In 2015, one hundred and ninety-three countries of the United Nations General Assembly adopted the ‘2030 Agenda for Sustainable Development’. Sustainable Development Goals (SDGs) have thus become global development framework for the future. This agenda also highlights changing global priorities and provides opportunities for reforms at the country level to address key development challenges, which may hinder progress towards achieving SDGs.
One of the key prerequisites for achieving sustainable development is good health and the 2030 agenda reflects the complexity and interconnectedness of the two. Success in achieving SDGs, especially SDG2- zero hunger; SDG3-good health and well being; SDG6-clean water and sanitation; SDG10- reducing inequalities; and SDG13-climate action are particularly possible through public health action and interventions at the community and the country level. For example, climate change is causing serious damage to crop production, their nutrient values and food systems. These changes exacerbate population vulnerabilities and may lead to nutrient deficiencies at the population level. Public health nutrition programmes would be required to address the public health challenges emerging out of climate change. Hence, one of the most promising ways to ensure success in achieving SDG goals, especially in the developing countries, is to invest resources in strengthening public health systems. It is pertinent to highlight that Universal Health Coverage (UHC) will be integral to achieving good health and wellbeing; ending poverty and reducing inequalities.
Some of the major challenges that developing countries face today, and will continue to face in the future pertain to inadequacy of societal-level preparedness for extreme weather events, infectious disease outbreaks and pandemics, food and health security, inequity in distribution of resources and others. For instance, impoverishment of households because of healthcare expenditures, lack of financial risk protection and concentration of wealth and inequity at the societal level are leading to loss of trust in public policies and public systems. In this context, availability and understanding of reliable data on all SDGs is critical to monitor progress and take corrective actions. In addition, there is an urgent need to set up trans-disciplinary institutional network and mechanism for monitoring progress on SDGs.
Public health professionals can play a key role in design, implementation and evaluation of policies and programmes directed towards achieving SGDGs. Furthermore, the public health professionals like physicians, epidemiologists, public health nurses, economists, sociologists, nutritionists, biostatisticians, health managers, environmental health experts, bioethicists, veterinarians and others not only form the backbone of the public health architecture, but also bring together a diverse set of expertise required to undertake the above-mentioned roles. Since, public health by design is an inter-disciplinary field of action to promote health, prevent diseases, provide treatment and rehabilitation, and prolong life, it provides a fundamental platform for potential synergies across all development sectors.

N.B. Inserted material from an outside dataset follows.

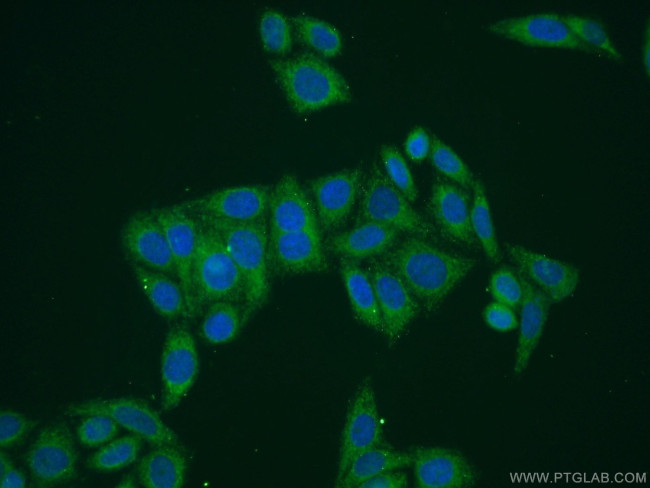 RAE1 Antibody in Immunocytochemistry (ICC/IF)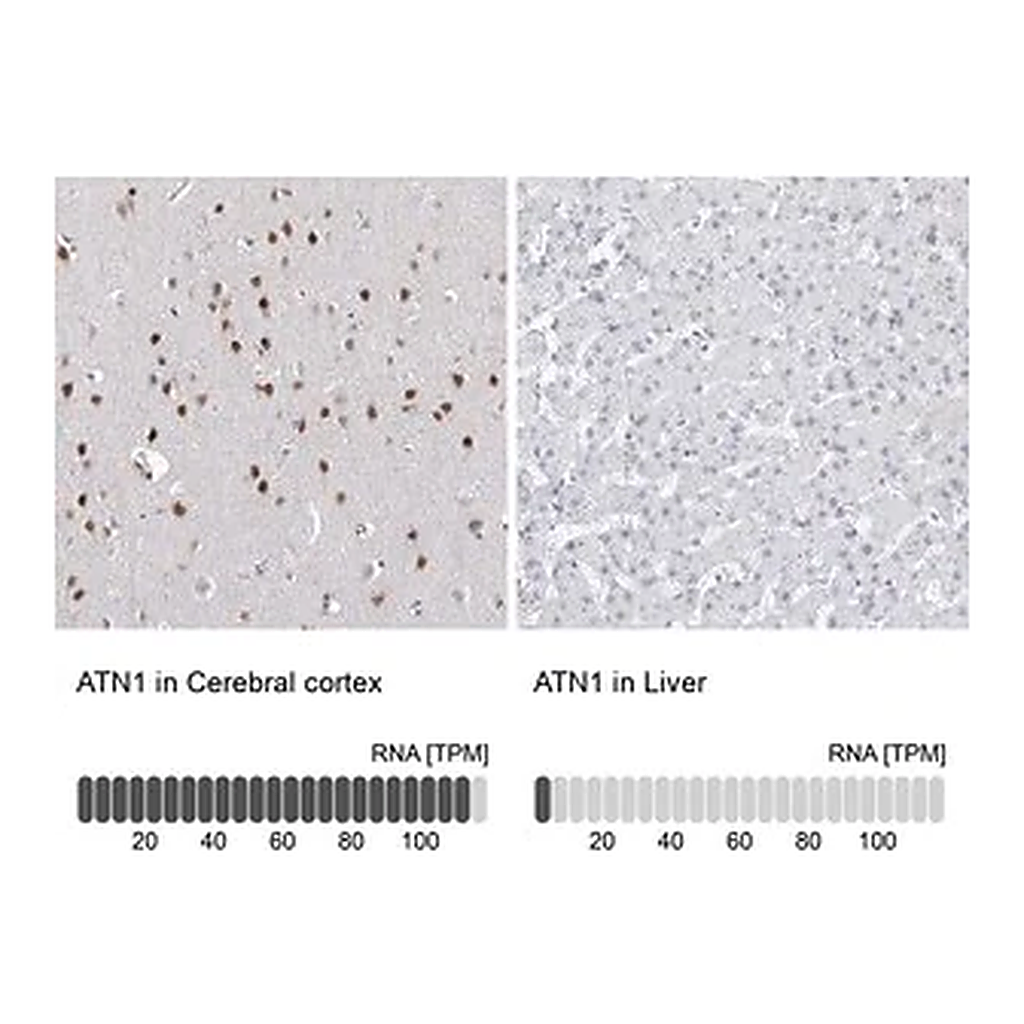 Merck Anti-ATN1 antibody produced in rabbit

NITI Aayog, which is an apex agency of the Government of India for monitoring progress on the SDG goals, released its ‘Baseline Report of the Sustainable Development Goals (SDG) India Index’ in December 2018. It comprehensively documented the progress made by India’s states and union territories towards implementing the 2030 SDG targets. One of the key message that emerges from the report suggests that states need to do more not only in terms of governance, but also in terms of investments to achieve desired progress on the SDG indicators. Furthermore, evidence suggests that low density of public health professional at the population level results in poor health outcomes and indicators, which also explains state-level disparities.
To address one of the concerns of the NITI Aayog, the state governments should set up cross-disciplinary advisory councils for each SDG goal and engage public health professionals directly or through their professional associations. These public health professionals are already working in the public health system, healthcare sector, UN agencies, medical colleges, nursing colleges, public health schools, and in the NGOs. For example, two of the largest public health professional bodies in India are Indian Public Health Association and Indian Association of Preventive and Social Medicine. Together, these associations have a membership of more than 10,000 public health professionals, and can be engaged at the state and district level for monitoring and evaluation of public programmes, policy advocacy and advice to the local leadership. The members of these professional associations have requisite skills and competencies in cross-cutting areas of research and practice, monitoring and evaluation, technology assessment, public policy analysis, entrepreneurship, conflict management and leadership, to name a few.
Since a large proportion of public health professionals work in the private sector and with non-governmental agencies in health and development sector, national and state governments can leverage network of these professional public health associations to engage purposefully with private sector in delivering social and public policy goals to achieve SDGs. Going forward, these professional associations can also leverage their diversity to engage with various government institutions and departments working in health and other social sectors to bring social science research, health system research and operational research evidence to the knowledge of programme managers and policymakers to inform public policy and programme designs and make a meaningful impact at the population level.
Leveraging strengths of these professional public health associations could be transformative in health, social and development sectors as their professionals are embedded in both public and private sector and work closely with communities across rural and urban areas. Their cross- disciplinary skills and team-based approach are the ingredients to solve public health and social problems at the village, district and state level, given the socio-economic diversity and implementation challenges of public policies and programmes.